Work task:
Check each line of the listing below for the string "have", and give only how many lines hold it.

Supplied data:
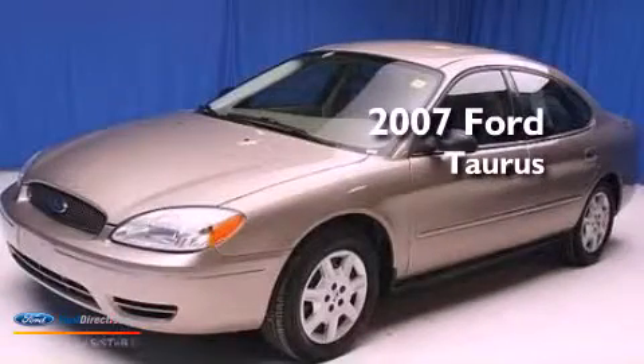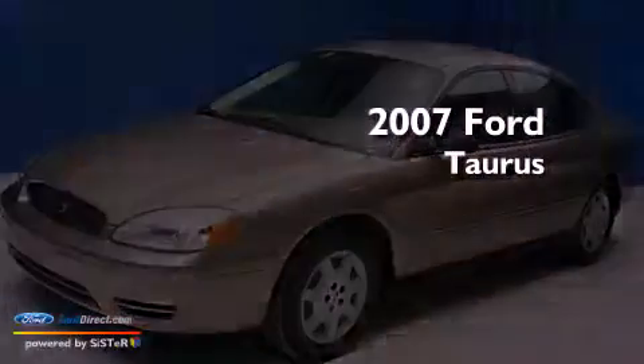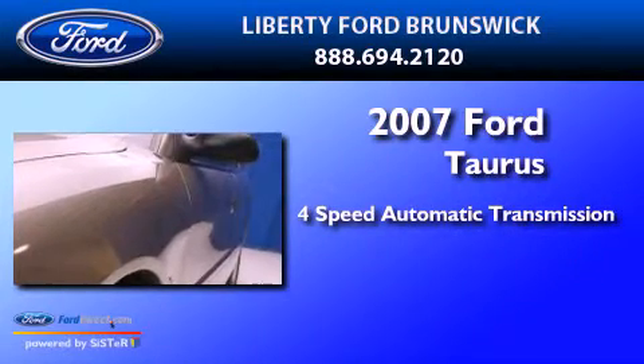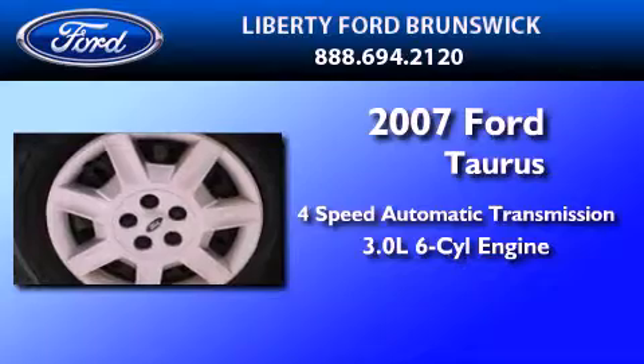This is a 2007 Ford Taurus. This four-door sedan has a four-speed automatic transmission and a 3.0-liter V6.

* * *

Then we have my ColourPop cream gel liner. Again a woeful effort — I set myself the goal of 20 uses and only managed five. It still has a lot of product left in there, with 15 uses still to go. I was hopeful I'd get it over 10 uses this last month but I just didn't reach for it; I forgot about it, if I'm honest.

* * *

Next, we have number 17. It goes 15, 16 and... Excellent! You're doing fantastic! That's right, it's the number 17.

Response below:
2